Les ostéosarcomes de faible degré de malignité doivent être traités par chirurgie pure. Il s'agit, le plus souvent, de tumeurs intra-compartimentales dont la résection large assure la guérison dans la majorité des cas.

Avant l'ère des chimiothérapies, le traitement chirurgical ou radiothérapique isolé d'un ostéosarcome de haut degré de malignité ne donnait pas plus de 15 % de chances au malade de survivre plus de 5 ans. Certains ont cru qu'amputer le plus haut possible et le plus vite possible pouvait améliorer le pronostic ; les auteurs Scandinaves ont même désarticulé les malades sans biopsie préalable ; le taux de survie des malades ainsi traités ne dépassait pas les 12 % montrant l'inutilité des exérèses chirurgicales majeures.

La cible thérapeutique prioritaire doit être la maladie diffuse ; le moment privilégié du traitement efficace est celui de la maladie généralisée occulte ; le moyen thérapeutique adapté est la chimiothérapie ; les pionniers de la chimiothérapie de l'ostéosarcome ont été Norman Jaffe et Gérald Rosen (cf 47,48).

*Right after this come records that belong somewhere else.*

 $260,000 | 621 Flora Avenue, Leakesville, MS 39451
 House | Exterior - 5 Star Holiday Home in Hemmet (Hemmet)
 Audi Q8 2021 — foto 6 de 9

Jaffe a démontré le premier l'efficacité du methotrexate (MTX) sur les ostéosarcomes métastatiques ; il a démontré qu'en augmentant les doses de methotrexate et en raccourcissant le délai entre les cures on augmentait le taux de réponse objective de ces métastases (cf 49,50).
Rosen, dès les années 70, associait les 2 drogues efficaces dont on disposait à l'époque : le methotrexate haute dose et l'Adriamycine dont l'efficacité avait été démontrée par Cortes. Avec ces 2 drogues données en postopératoire (chimiothérapie adjuvante) le taux de survie des malades atteignait les 50 % à 5 ans (cf 50).

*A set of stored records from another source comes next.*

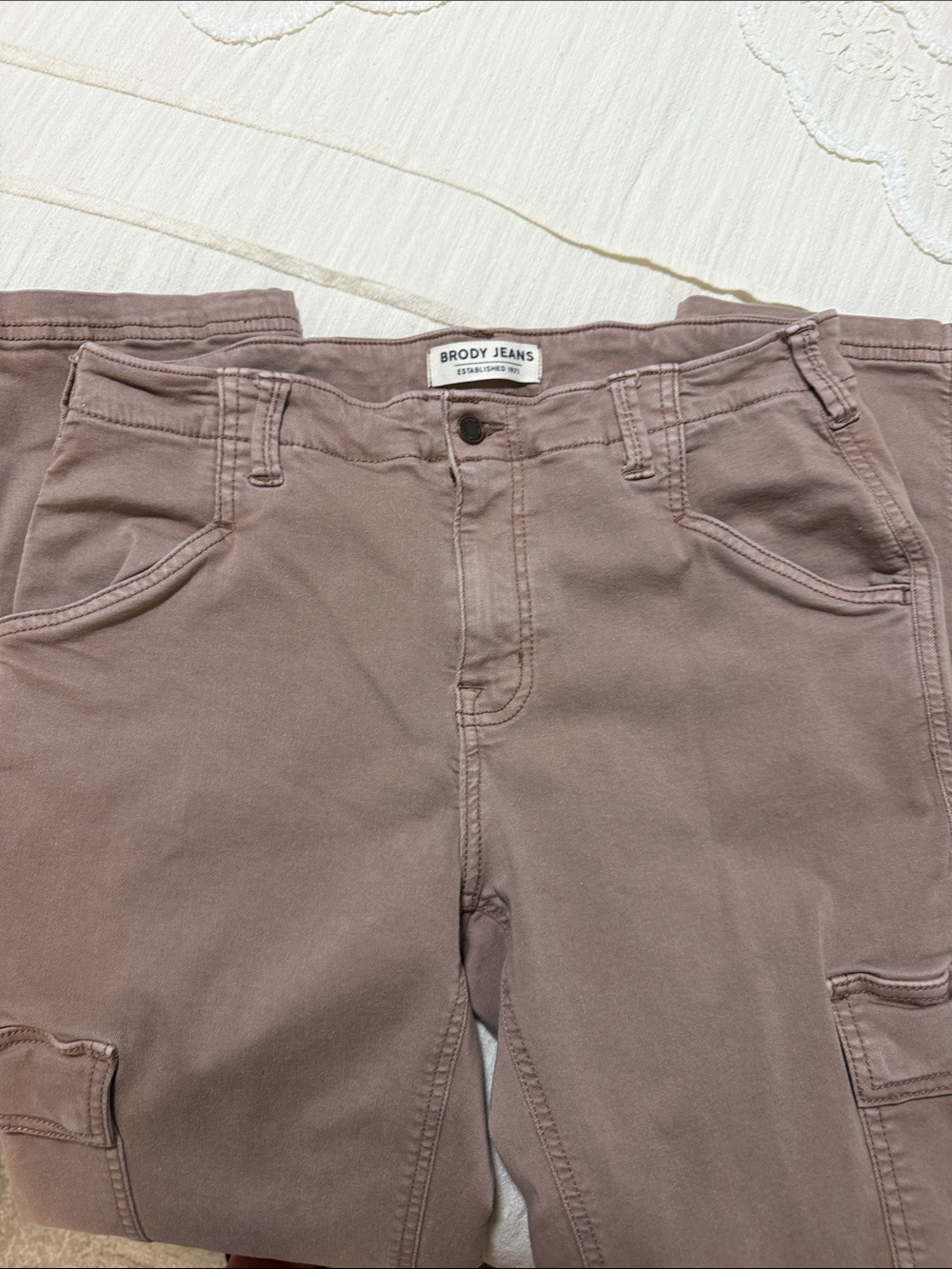 Brody Jeans Women's Straight Leg Cargo Jeans in Mauve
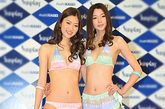 河北模特胡楠赴日本代言泳衣，甜美亮相大展修长身姿。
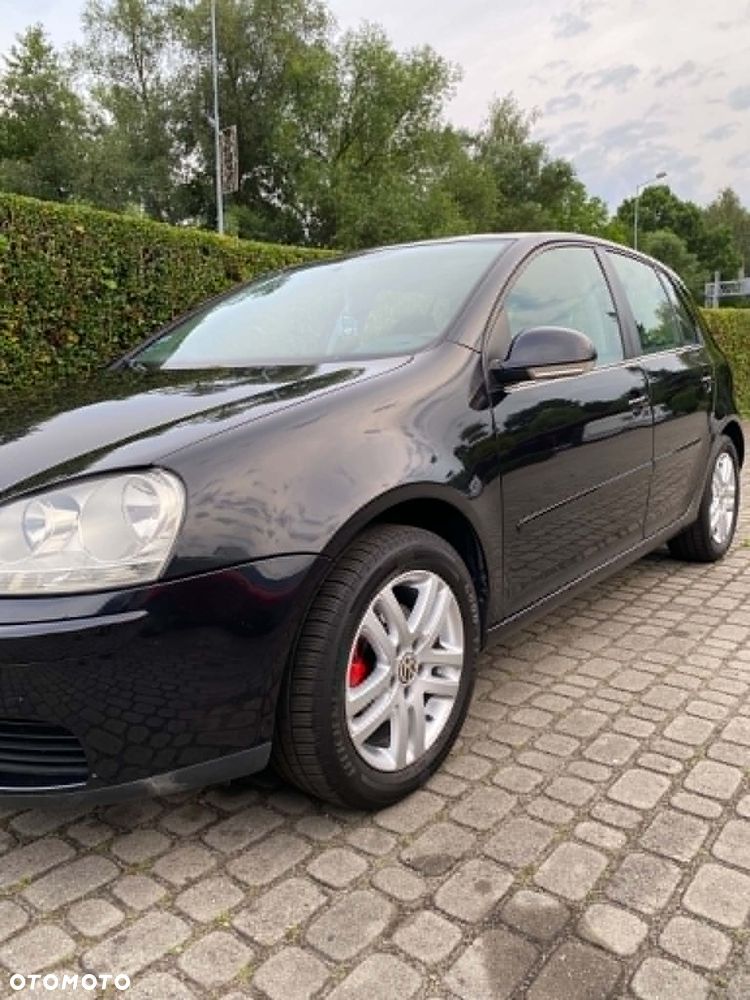 Volkswagen Golf 1.9 TDI Individual - 8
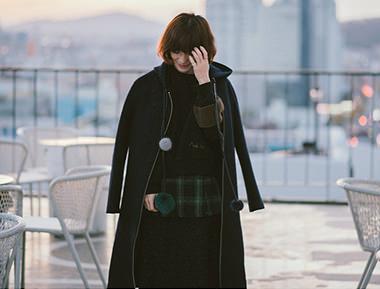 藏青色浣熊毛球连帽大衣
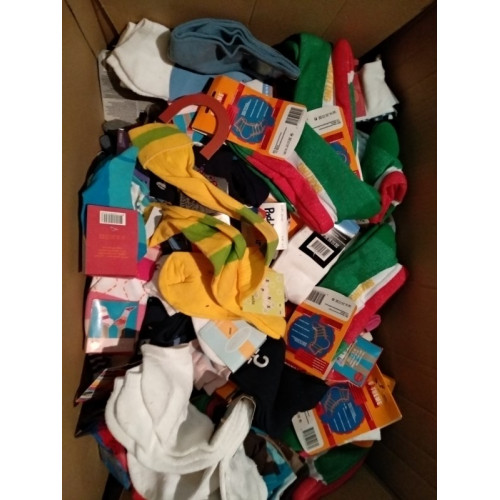 Partij sokken ruim 60 verpakkingen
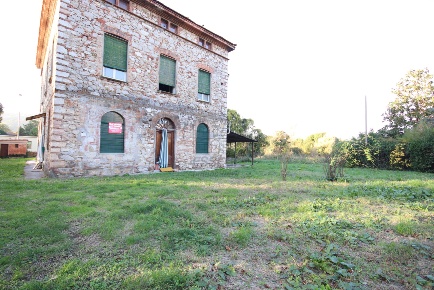 Foto Casale in Via di Nozzano 611, Lucca Nozzano - Arliano di 270 m²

Malheureusement, aux Etats-Unis, les controverses se sont élevées à partir d'essais souvent multicentriques randomisés qui ne trouvaient pas de différences significatives entre les malades traités par chimiothérapie et ceux qui n'en bénéficiaient pas. Elles ont abouti, après de grandes polémiques, à un essai randomisé comparant la chimiothérapie contre rien (cf 60). Cet essai, discutable du point de vue éthique a, heureusement, été interrompu en cours de réalisation car le taux de survie des malades sans chimiothérapie restait comparable aux taux historiques alors que celui des malades traités par chimiothérapie comportant du MTX HD étaient 4 fois supérieurs.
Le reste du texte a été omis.